I am a pretty traditional liberal in that I value offensive, free speech above all else. I never had a problem with Phelps, or the bible guys or the abortion sign people or whatever on K-State's campus. There were a number of protests against the Iraq War that resulted in people screaming or flipping me off or whatever and I thought that was pretty great. I don't think the public square should be a place of tip-toeing speech only, I favor expansive free speech rights.
I think K-State is largely insulated from a lot of this because it is a pretty conservative state school that welcomes everyone. I am thankful that the conservatives that wish to squelch speech mostly find K-State not to their tastes and simply leave for an overtly Christian campus (as one parent seriously wrote in to the Manhattan Mercury this fall) and there are the occasional clowns like that op ed columnist that wrote about how hard it is to be a Christian conservative at Kansas State, but these people are ridiculed and mocked, not shouted off the stage.
I don't think that this "movement" is inevitable or that it will dictate the new orthodoxy on campuses for all time, but I do think it is a reflection in the changing norms on campuses where minorities are nosier about being actually considered as a part of campus life and not just an invisible group that keeps to themselves. I think many of the older generations of academics are not prepared for a lot of this, are threatened by student voices and the power they wield in a time when many of the barriers to mass dissemination of information are removed.
It was only a few years ago that professors were gleefully emailing/facebooking the hero professor who smashed a student cell phone when it rang in their class. How much has changed since then?
I don't think professors being so tyrannical and treating students like they are garbage is all that great, so maybe things will balance out for the better?

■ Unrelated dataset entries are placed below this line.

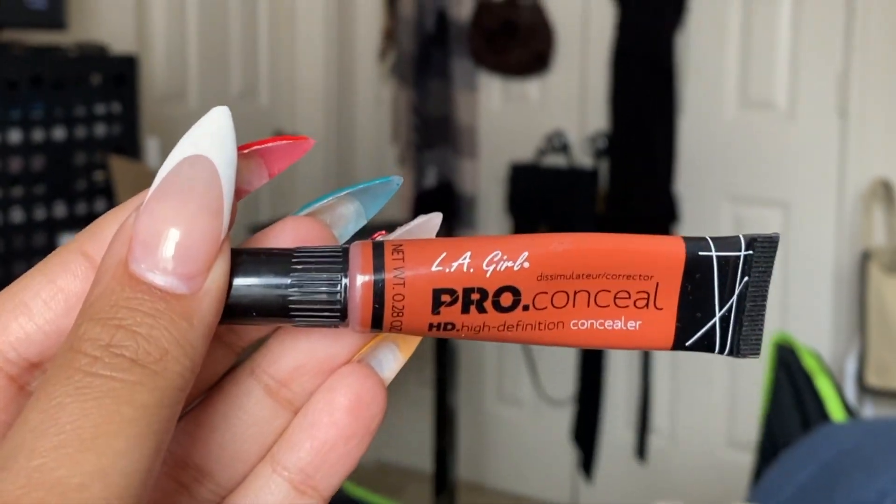I like my skin — I think it's pretty good — but around my mouth and under my chin I do have some dark spots. So I'm going to go in with a color corrector, which is the LA Girl Pro Conceal in red, just a little bit around my under eyes, my mouth, and under my chin where I have the most dark spots, before I do my base.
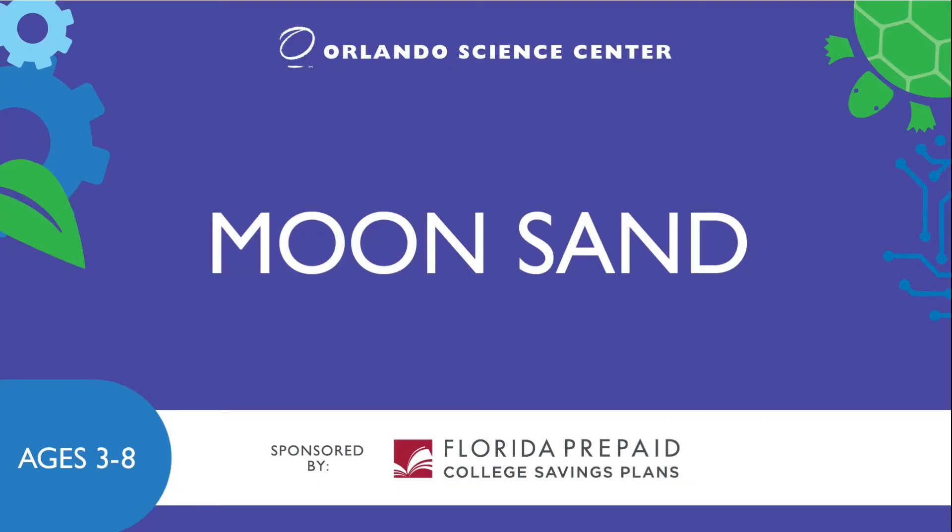This video is brought to you by our partner, Florida Prepaid, who is committed to helping the next generation of STEM leaders and their families save for their future. To learn more about how to save for college, just visit myfloridaprepaid.com.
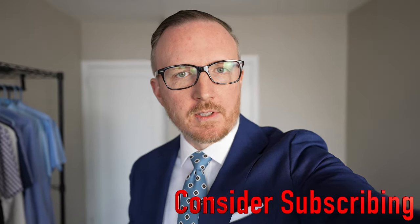So today I'm going to teach you how to tie the perfect full Windsor tie knot with the perfect dimple, as well as the perfect length every single time. Let's get right into it. Welcome to Essential Style.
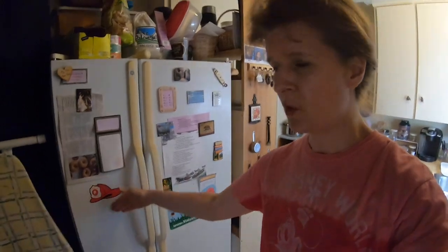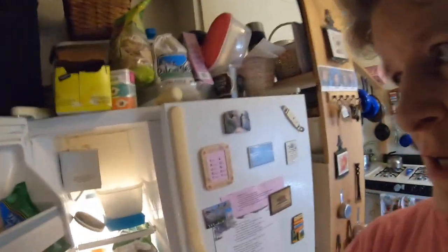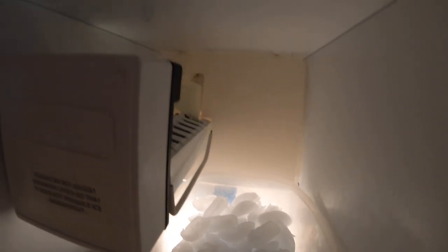This is a pretty old one so there's nothing in the door, but it has an ice maker inside. You can put it in and take it out — you can actually unplug it and plug it back in right there. It's very easy. You can see that it's making ice.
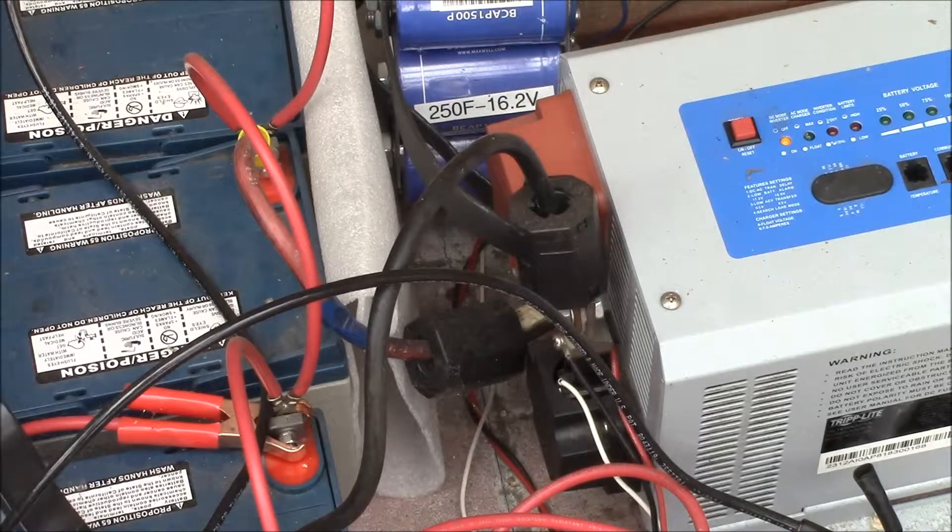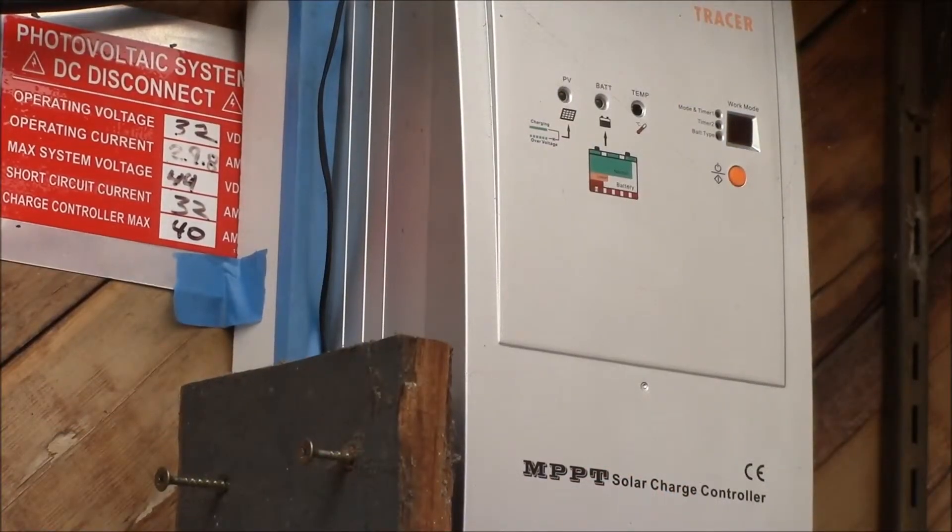Let's go with 400 amp hours for the rest of this example — your number will likely be different. This battery bank size is usually called C or capacity. Assuming lead acid batteries, you'll usually need to charge that bank at C over 10, or 40 amps, to be able to recharge it the next day. This means I would need a 40 amp charge controller to charge a 400 amp hour battery bank at a one-tenth C rate.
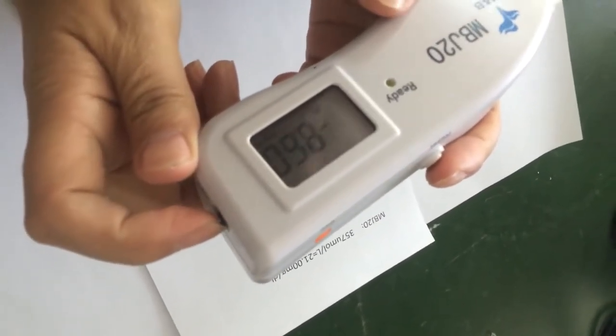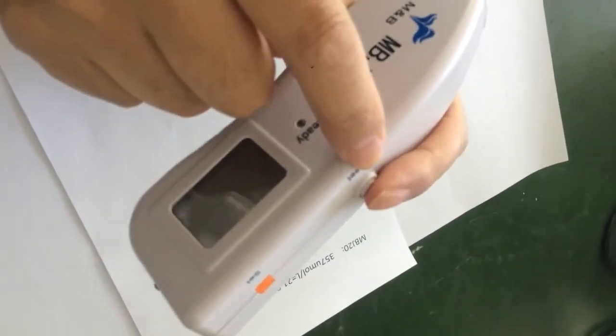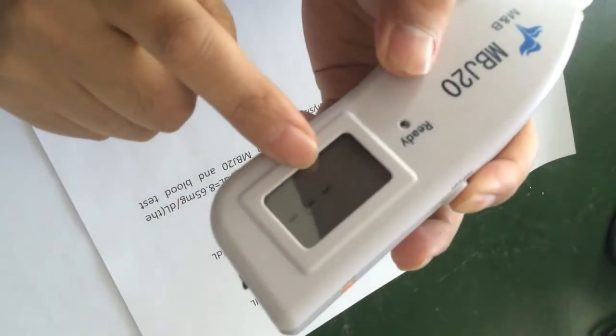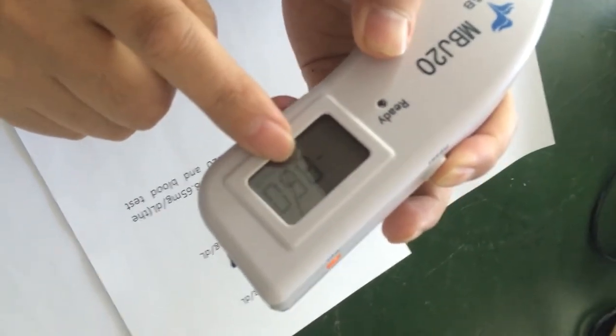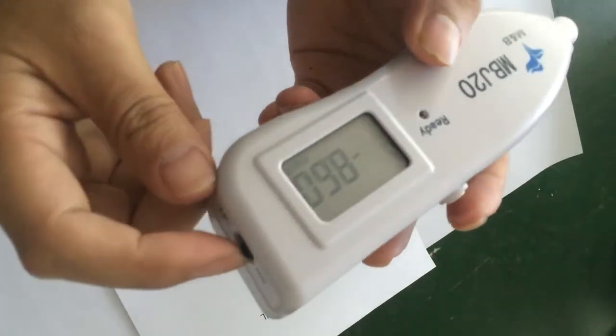Let's check it. Turn off and press this button, and at the same time switch on, and wait until the number appears. We can get the number — that's right, this is the right number. We can confirm it is reduced. No problem.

I see some work where undergraduate students on campus can be treated with dignity and given opportunities to participate in research and actually a get a foot in the door in the field of academia and I think that as undergraduates and graduate students gain more of a voice they will balance out some of the abuses that academia has traditionally wrought on students, while perhaps creating some new problems that hopefully will get changed for the better over time.